### WHAT THE TASK ASKS
The entries below contain a line with "Private Krankenversicherung Fur" and a line with "痔疮膏消肉球内痔外痔混合痔女性医用卡波姆痔疮凝胶官方正品 - 图2". Quote exactly those two lines and all lines between them.

### RECORDS SUPPLIED

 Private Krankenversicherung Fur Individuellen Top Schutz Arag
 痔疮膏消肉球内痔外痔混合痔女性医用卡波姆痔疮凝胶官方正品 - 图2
==
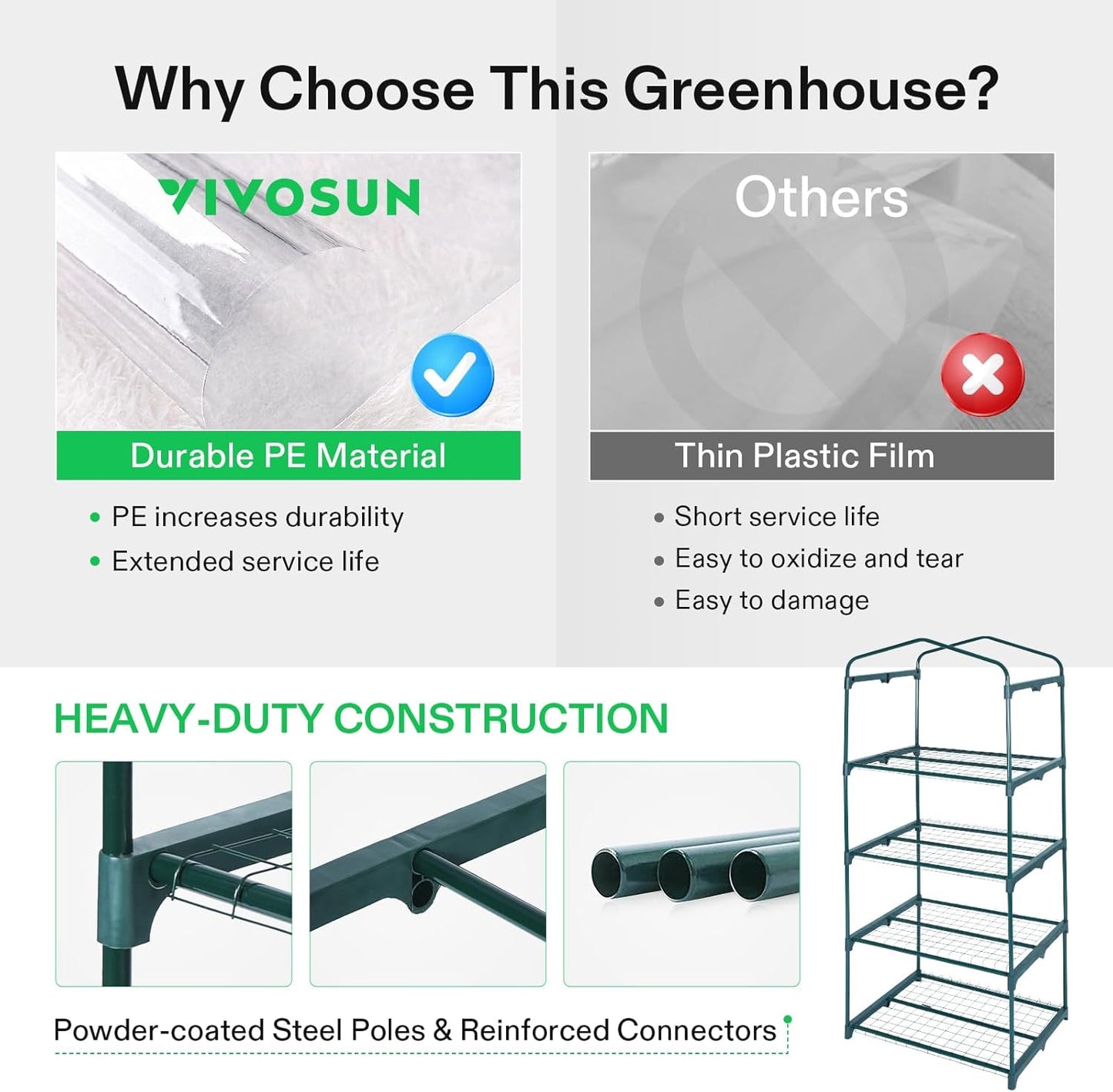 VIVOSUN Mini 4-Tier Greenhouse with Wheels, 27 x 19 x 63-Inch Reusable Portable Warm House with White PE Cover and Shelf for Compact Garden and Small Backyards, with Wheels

### ANSWER TO THIS EXERCISE
 Private Krankenversicherung Fur Individuellen Top Schutz Arag
 痔疮膏消肉球内痔外痔混合痔女性医用卡波姆痔疮凝胶官方正品 - 图2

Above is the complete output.